For a moment on Friday, the Los Angeles Angels had the attention of the baseball world because they had just won the bidding for Shohei Ohtani, the best player in Japanese baseball. Notice I didn’t say best pitcher or best hitter, because essentially he’s both. A guy with a triple-digit fastball and a slew of off-speed pitches on the mound, home run power at the plate, and crazy speed on the basepaths. And the fact that he chose the Angels over everyone else was definitely an upset. And for a moment, Anaheim was the hub of the baseball universe.
And then the Yankees took action. And by taking action, I mean they robbed the Miami Marlins for Giancarlo Stanton. The Angels get the best player available outside the majors, the Yankees get the best player available inside the majors.
The deal isn’t officially official, but the expectation is that it will be Stanton plus 30 million in exchange for second baseman Starlin Castro and a pair of second-tier prospects. Let me repeat that: the National League MVP plus 30 million dollars for a second baseman who hit .300 and two second-tier minor leaguers.
That wasn’t highway robbery, that was an inside job. Or at least it felt that way to every conspiracy theorist on Twitter. They’re thumbtacking baseball cards on a bulletin board and connecting them all with red string: Derek Jeter played for the Yankees. He’s now in charge of the Marlins. He just traded his best player, and a stack of cash, to his old team for spare parts. Either Brian Cashman is a wizard or Derek Jeter is plant. Or both. Jeter should get another plaque in monument park just for this trade. This is even more spectacular than the time he dove into the stands for that foul ball or threw out Jeremy Giambi at home plate. And almost as impressive as the double iPad on his desk and the sanitizer station behind it.
I’m not going to say that the Marlins completely mishandled the Stanton situation, but this is pretty much the exact trade I’d expect from a guy with two iPads on his desk. Forget iPad, this is more like the kind of trade I’d expect from a guy with two Zunes on his desk.
And while the Marlins misplayed things, Cashman waited. And waited. And then got what he wanted. And if I was a Marlin fan, I’d be pissed. Of course, I’m not a Marlin fan because nobody is a Marlin fan. So that doesn’t really matter.
Is it an embarrassing trade? Yes. Is it bad for baseball? Possibly? Are the Marlins embarrassing and bad for baseball? Definitely.
The crazy thing about this deal is that the Yankees didn’t even need Stanton. They really didn’t. They already had Aaron Judge. Now they have Aaron Judge and Giancarlo Stanton in the same lineup. The AL home run king and the NL home run king. They combined for 111 home runs last year. The San Francisco Giants hit 128 last year. AS A TEAM.
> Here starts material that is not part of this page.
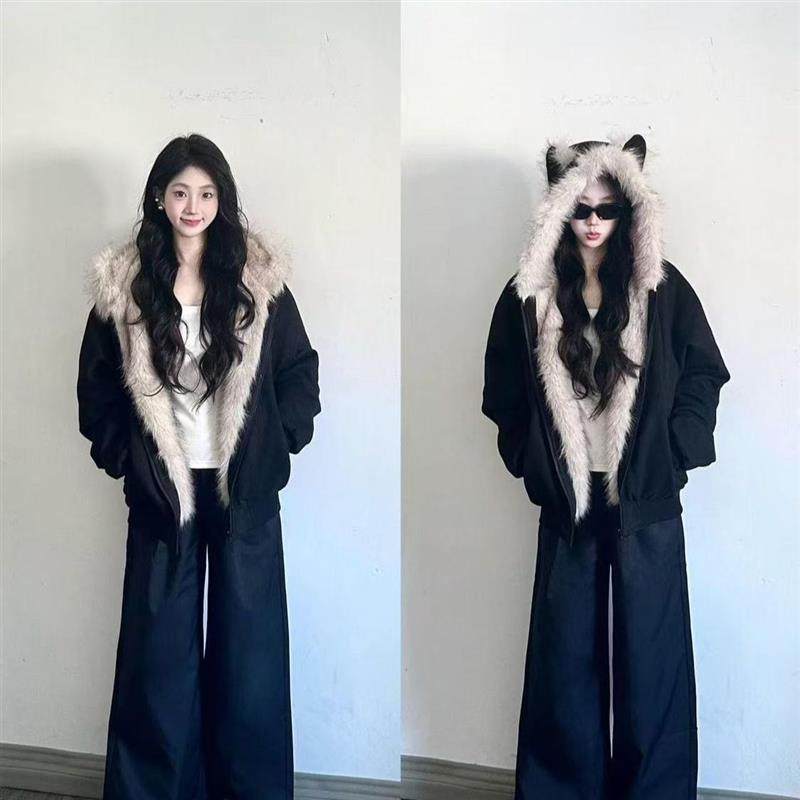 国潮座山雕毛领新款外套耳朵加厚男女秋冬季棉服棉衣情侣装夹棉,女装/女士精品,时尚套装,淘宝优惠券,粉丝福利购,淘宝优惠卷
Cashman had said that the priority was adding another starting pitcher, but I guess when a former team legend offers you Giancarlo Stanton for a bag of baseballs, you say yes. And now depending on how new manager Aaron Boone wants to play it, he could have Judge and Stanton hitting back to back. That means there’s a chance that Gary Sanchez and his 33 home runs hit sixth. SIXTH!?!? And that’s before we talk about Gleyber Torres who the Yankees expect to call up this year and is roundly regarded as the best prospect in baseball.
So much for the idea of the Baby Bombers and the idea that the Yankees are doing a slow rebuild. They just slammed that thing into hyper drive. They went to Game 7 of the ALCS and barely lost to the eventual champs. Then they added the NL MVP. These are the old Yankees. The Yankees who made moves for one reason and one reason only: because they could.
Missed out on Ohtani, whatever, we’ll just go get Stanton. That’s why we’re the Yankees and you’re not. And that’s why the Marlins are still the Marlins, but even worse. Why they just traded the worst owner ever for maybe owners even worse than that: and the guy with the reputation ever is fronting the whole operation and looking worse and worse by the second.